22. When they had heard these words, they marvelled, and left him, and went their way. 

Pseudo-Chrys.: As when one seeks to dam a stream of running water, as soon as one outlet is stopped up it makes another channel for itself; so the malevolence of the Jews, foiled on one hand, seeks itself out another course. 

"Then went the Pharisees; went" to the Herodians. Such as the plan was, such were the planners; "They send unto Him their disciples with the Herodians." 

Gloss. ord.: Who as unknown to Him, were more likely to ensnare Him, and so through them they might take Him, which they feared to do of themselves because of the populace. 

Jerome: Lately under Caesar Augustus, Judaea, which was subject to the Romans, had been made tributary when the census was held of the whole world; and there was a great division among the people, some saying that tribute ought to be paid to the Romans in return for the security and quiet which their arms maintained for all. The Pharisees on the other hand, self- satisfied in their own righteousness, contended that the people of God who paid tithes and gave first-fruits, and did all the other things which are written in the Law, ought not to be subject to human laws. 

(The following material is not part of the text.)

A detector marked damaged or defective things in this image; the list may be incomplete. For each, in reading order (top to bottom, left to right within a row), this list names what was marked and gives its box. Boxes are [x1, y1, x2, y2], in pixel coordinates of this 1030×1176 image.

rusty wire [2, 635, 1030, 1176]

But Augustus had given the Jews [p. 750] as king, Herod, son of Antipater, a foreigner and proselyte; he was to exact the tribute, yet to be subject to the Roman dominion. The Pharisees therefore send their disciples with the Herodians, that is, with Herod's soldiers, or those whom the Pharisees in mockery called Herodians, because they paid tribute to the Romans, and were not devoted to the worship of God. 

Chrys., Hom. lxx: They send their disciples and Herod's soldiers together, that whatever opinion He might give might be found fault with. Yet would they rather have had Him say somewhat against the Herodians; for being themselves afraid to lay hands on Him because of the populace, they sought to bring Him into danger through His liability to pay tribute. 

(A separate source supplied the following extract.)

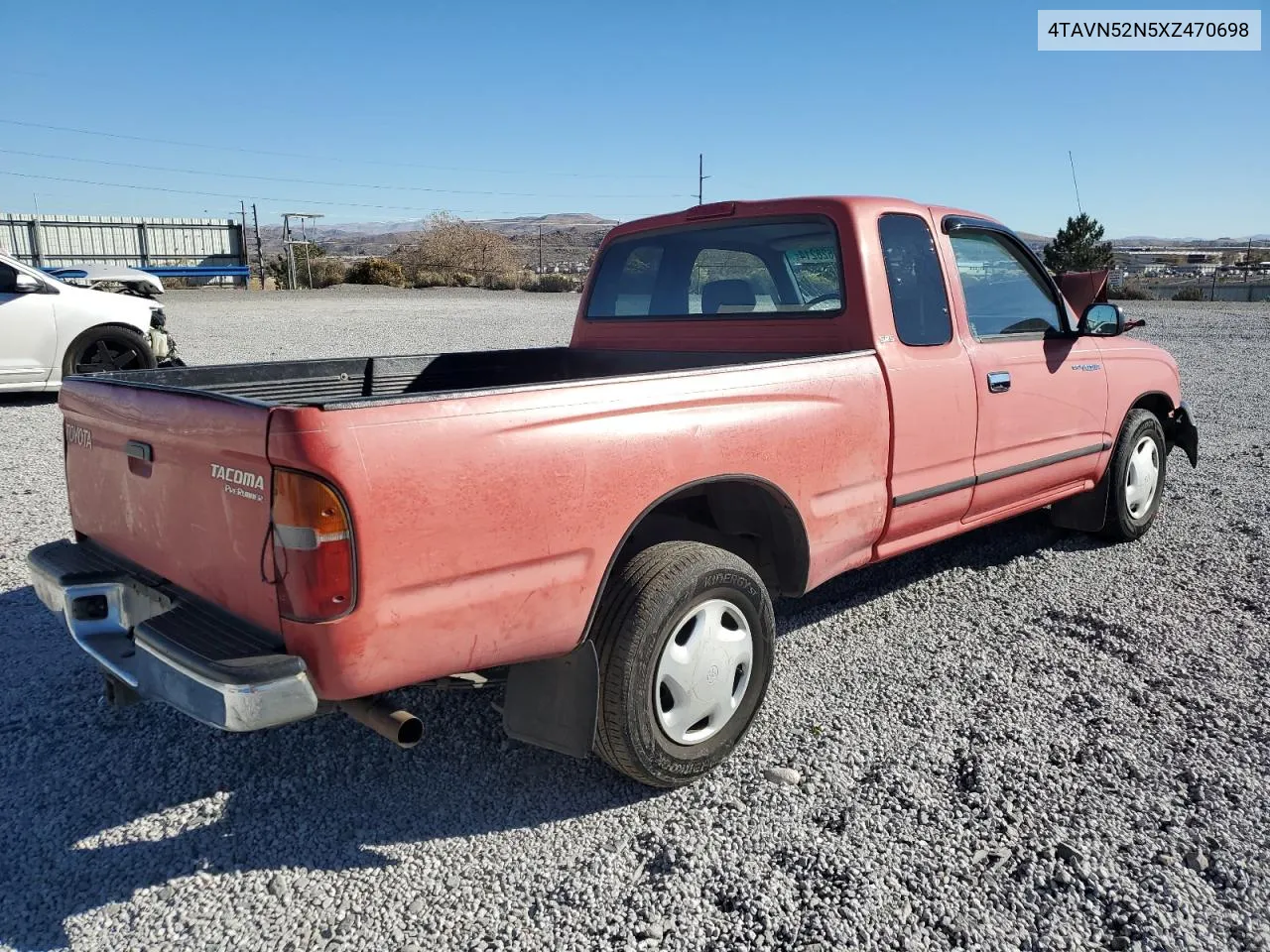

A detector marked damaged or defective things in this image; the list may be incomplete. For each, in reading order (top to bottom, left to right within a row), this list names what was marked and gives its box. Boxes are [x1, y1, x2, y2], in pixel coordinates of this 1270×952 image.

white damaged car [0, 251, 182, 393]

Pseudo-Chrys.: This is the commonest act of hypocrites, to commend those they would ruin. Thus, these break out into praises of Him, saying, "Master, we know that Thou art true." They call Him Master, that, deceived by this shew of honour and respect, He might in simplicity open all His heart to them, as seeking to gain them for disciples. 

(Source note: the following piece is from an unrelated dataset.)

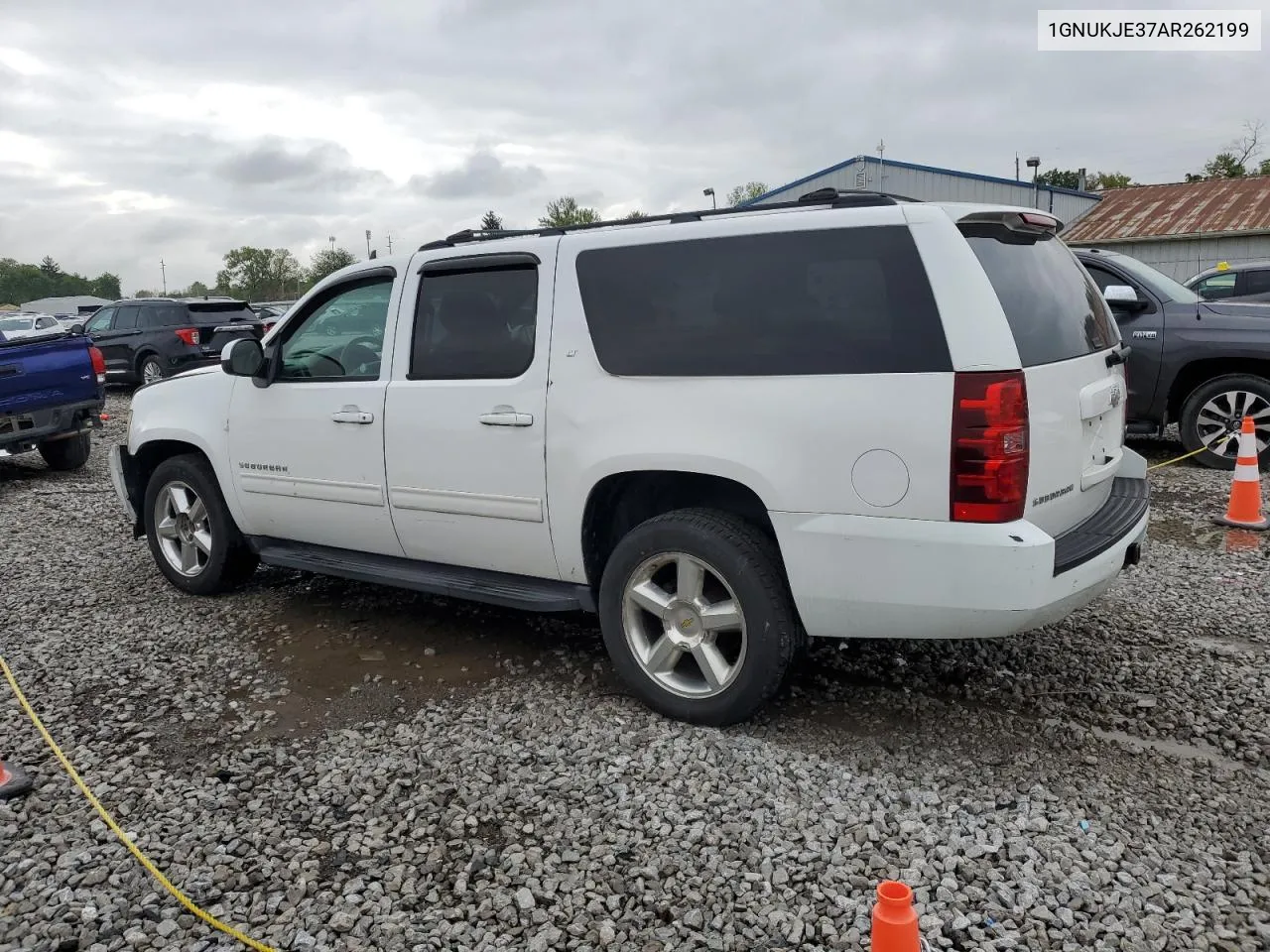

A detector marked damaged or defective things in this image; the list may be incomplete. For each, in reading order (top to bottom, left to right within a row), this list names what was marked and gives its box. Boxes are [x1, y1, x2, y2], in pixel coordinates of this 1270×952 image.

Gloss., non occ.: There are three ways in which it is possible for one not to teach the truth. First, on the side of the teacher, who may either not know, or not love the truth; guarding against this, they say, "We know that Thou art true." 

Secondly, on the side of God, there are some who, putting aside all fear of Him, do not utter honestly the truth which they know respecting Him; to exclude this they say, "And teachest the way of God in truth." 

Thirdly, on the side of our neighbour, when through fear or affection any one withholds the truth; to exclude this they say, "And carest for no man," for Thou regardest not the person of man. 

Chrys.: This was a covert allusion to Herod and Caesar. 

Jerome: This smooth and treacherous enquiry was a kind of challenge to the answerer to fear God rather than Caesar, and immediately they say, "Tell us therefore, what thinkest Thou? Is it lawful to give tribute to Caesar or not?" 

Should He say tribute should not be paid, the Herodians would immediately accuse Him as a person disaffected to the Emperor. 

Chrys.: They knew that certain had before suffered death for this very thing, as plotting a rebellion against the Romans, therefore they sought by such discourse to bring Him into the same suspicion. 

Pseudo-Chrys.: He makes an answer not [p. 751] corresponding to the smooth tone of their address, but harsh, suitable to their cruel thoughts; for God answers men's hearts, and not their words. 

Jerome: This is the first excellence of the answerer, that He discerns the thoughts of His examiners, and calls them not disciples but tempter. A hypocrite is he who is one thing, and feigns himself another. 

Pseudo-Chrys.: He therefore calls them hypocrites, that seeing Him to be a discerner of human hearts, they might not be hardy enough to carry through their design. Observe thus how the Pharisees spoke fair that they might destroy Him, but Jesus put them to shame that He might save them; for God's wrath is more profitable to man, than man's favour. 

Jerome: Wisdom does ever wisely, and so the tempters are best confuted out of their own words; therefore it follows, "Shew me the tribute money; and they brought unto Him a denarius." This was a coin reckoned equivalent to ten sesterces, and bore the image of Caesar. Let those who think that the Saviour asks because He is ignorant, learn from the present place that it is not so, for at all events Jesus must have known whose image was on the coin. 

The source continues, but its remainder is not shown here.